I know a lot of slang terms for firearms: gat, heater, strap, piece, jammy, roscoe, iron, chopper, smoke wagon, hog leg.

Those are just the ones I can come up with off the top of my head from my own experience. If I Google it, I find a couple more I’ve heard before, like boom stick, hand cannon, and smoke pole.

I know from conversations with other ATF agents (like my favorite one: https://lnkd.in/gwrXGrKU) that there are also regional terms, like “jawn” in Pennsylvania. (Though I’ve come to understand that jawn can mean almost anything in Philadelphia.)

But today the Michigan Court of Appeals taught me a new slang term for a gun: a “blick.”

I’ve written before about what a great professional experience I had in Detroit (https://lnkd.in/gD7HPBiz). Apparently I didn’t stay long enough because I hadn’t heard “blick” before.

Like many shooting investigations, this one began with a ShotSpotter alert. Police responded and found casings but no gunshot wound victim. That’s because the victim had been driving a car. He fled the scene but succumbed to his injuries and was dumped into the roadway some distance away.
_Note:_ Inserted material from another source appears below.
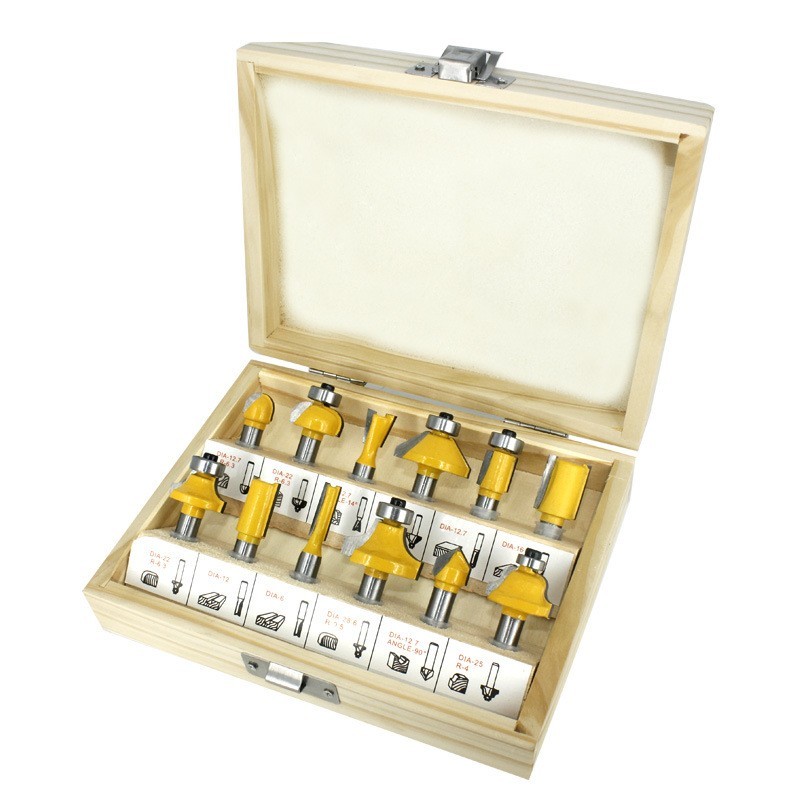 8 Handle 12B woodworking milling cutter set......▲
(His brother was the passenger in the car and as well as I can tell from the facts, he shoved his dying brother out into the street then drove home to get their mom. By the time him and mom returned, the cops had found the body in the road.)
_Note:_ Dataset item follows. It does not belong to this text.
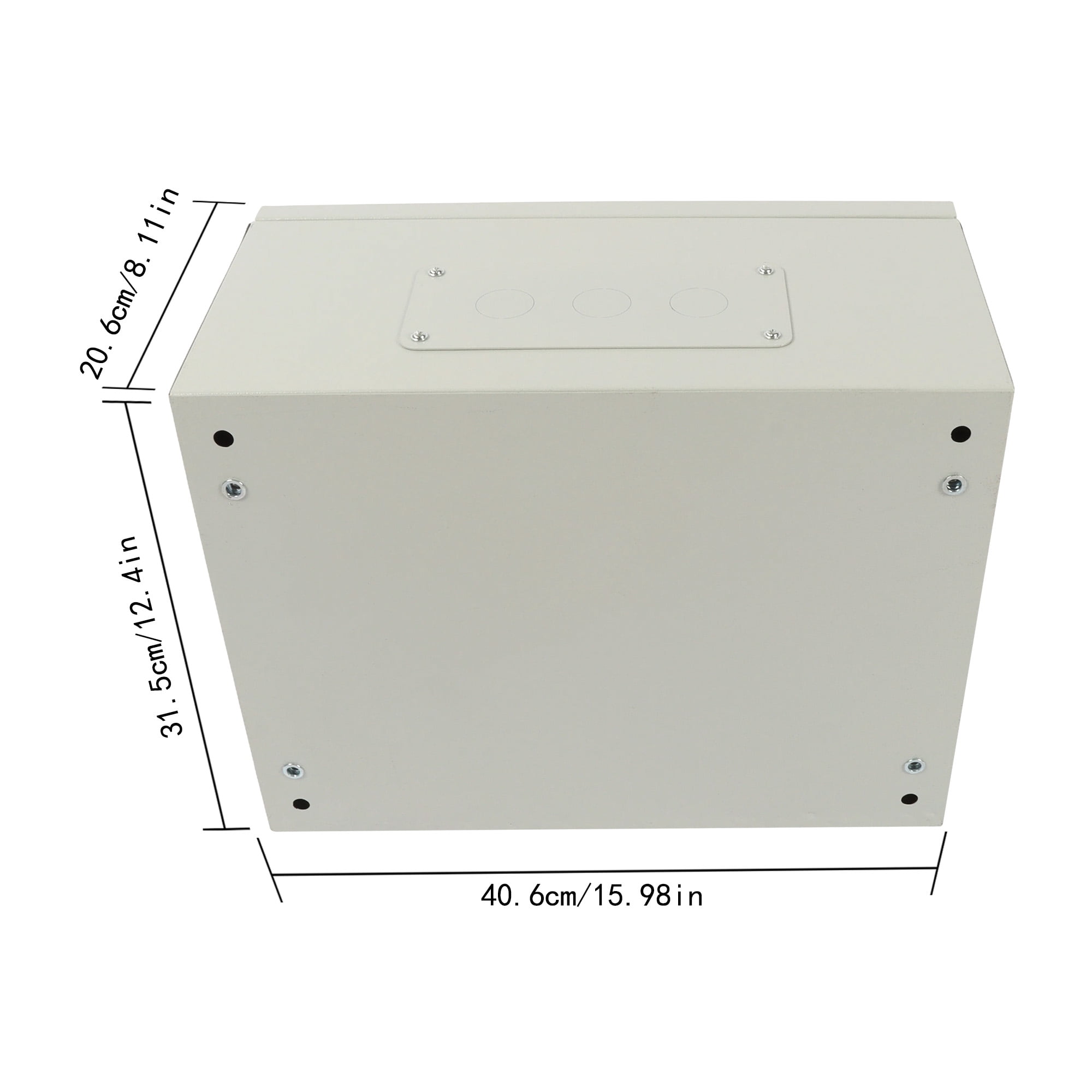Lockable Outdoor Electrical Box 16x12x8" - NEMA 4X Steel Enclosure IP66 Rated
Police identified the shooter right away and he was charged with murder. At trial, prosecutors introduced audio from “jail calls.”

Jail calls have long been an invaluable source of evidence. Inmates are notified at the outset of their phone calls that they are being recorded but that doesn’t stop them from talking about their crimes. (Of course, some of these masterminds even post evidence of their crimes on social media: https://lnkd.in/gpMZX5qy.)

In the calls, the shooter asked someone to ditch his blick (which the court helpfully interpreted in footnote 3). The shooter objected, arguing the prosecution had not disclosed the calls in discovery. This was a factual dispute but the trial court had no problem admitting the calls and the appellate court affirmed.

The defendant also protested his conviction for AWIGBH, which is shorthand for “assault with intent to do great bodily harm.” (Seriously, what’s with these ridiculous acronyms? https://lnkd.in/gMU5FDHq)

The appellate court rejected that argument, a related self-defense claim, and several other arguments. As the Volokh Conspiracy recently noted, “When a Party Comes to Us with Nine Grounds for Reversing the [Trial] Court, That Usually Means There Are None.” That was the case here.

Anyways: Blick.

You can read the opinion here.

(BTW, after I wrote this post someone reminded me about “cuete,” which I can’t believe I forgot because I memorized every word to La Raza back in the day!)